In Nepal, hundreds of thousands of people are living with avoidable blindness and visual impairment. 

Seven children lose their vision in Nepal every day. The most common cause of childhood blindness is refractive error, while 60,000 adults in the country become blind every year because of untreated cataract.
For people aged 50 years and older, cataract is by far the leading cause of blindness in Nepal, representing 62.2% of all cases. Other significant causes of blindness and visual impairment are glaucoma, trachoma and diabetic retinopathy. 

It is estimated that 82% of people over 50 years of age who are needlessly blind and would not have lost their sight if they had better access to affordable eye care services.

This lack of access is due to a shortage of eye health professionals, inadequate equipment and services and an absence of comprehensive eye care services in rural and remote areas. 

People living with avoidable blindness often end up missing out on treatment because they cannot afford or access services.  

  • 62.2% of blindness in Nepal is caused by cataract  
  • An estimated 30,2402 children are blind

  • The leading causes of childhood blindness and visual impairment are corneal blindness, retinal dystrophy and lens pathology

  • Nearly 275,000 people have visual impairment

  •  82% of people who are blind are needlessly blind 


The world has opened up again for Chini

Chini had been a strong and capable woman, but when cataracts took her sight, they also took many of the things that mattered to her – like being able to visit the temple and pray.
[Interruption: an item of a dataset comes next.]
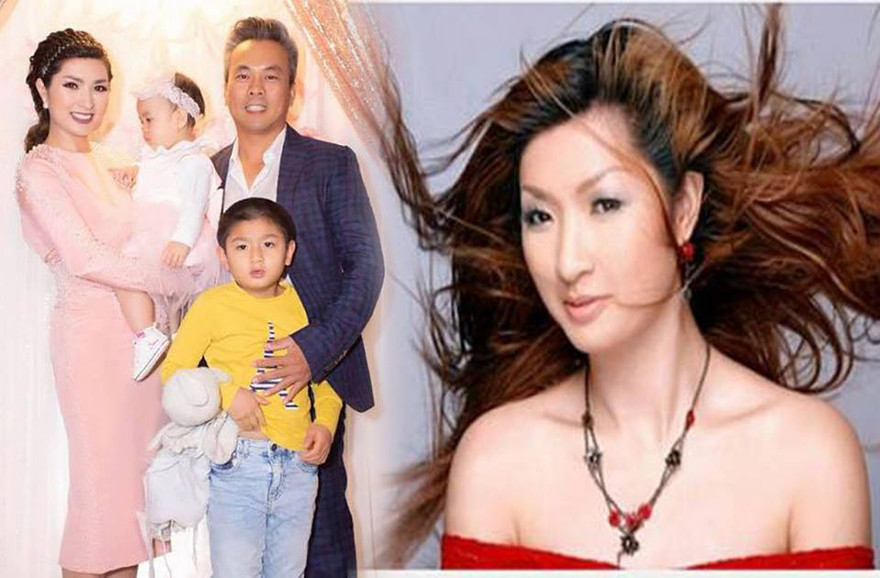 Sao Việt đầu tiên lộ ảnh nóng, 'biến mất' khỏi showbiz giờ ra sao?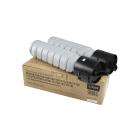Kompatybilny toner A1UC050, A3VW050, TN116, TN117, TN118, TN119 (2x282g), 282g do drukarek Konica Minolta (multipack)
Like many Nepalese people, Chini couldn't have afforded eye surgery. In developing countries, blindness can impact the whole family. An eye clinic supported by The Fred Hollows Foundation was her only chance to have her sight restored. 


The Foundation’s programs in Nepal

Fred Hollows and Dr Sanduk Ruit met in Nepal in the mid ‘80s while Fred was consulting for the World Health Organisation.


They soon realised they shared a common dream: to end avoidable blindness in developing countries through introducing modern surgery techniques.


Fred and Dr Ruit set about planning to build an intraocular lens factory to mass-produce these vital lenses needed for cataract surgery. They knew producing them locally would bring the cost down significantly.


Fred became Dr Ruit’s mentor, and after studying with Fred in Sydney, Dr Ruit went on to help establish the Fred Hollows Intraocular Lens Laboratory with the help of The Foundation.

In 1994, the same year the factory opened, Dr Ruit became the medical director of the Tilganga Institute of Ophthalmology in Nepal – a key partner of The Foundation. It’s now a world-class facility and is still led by master surgeon Dr Ruit, who has restored sight to over 120,000 people.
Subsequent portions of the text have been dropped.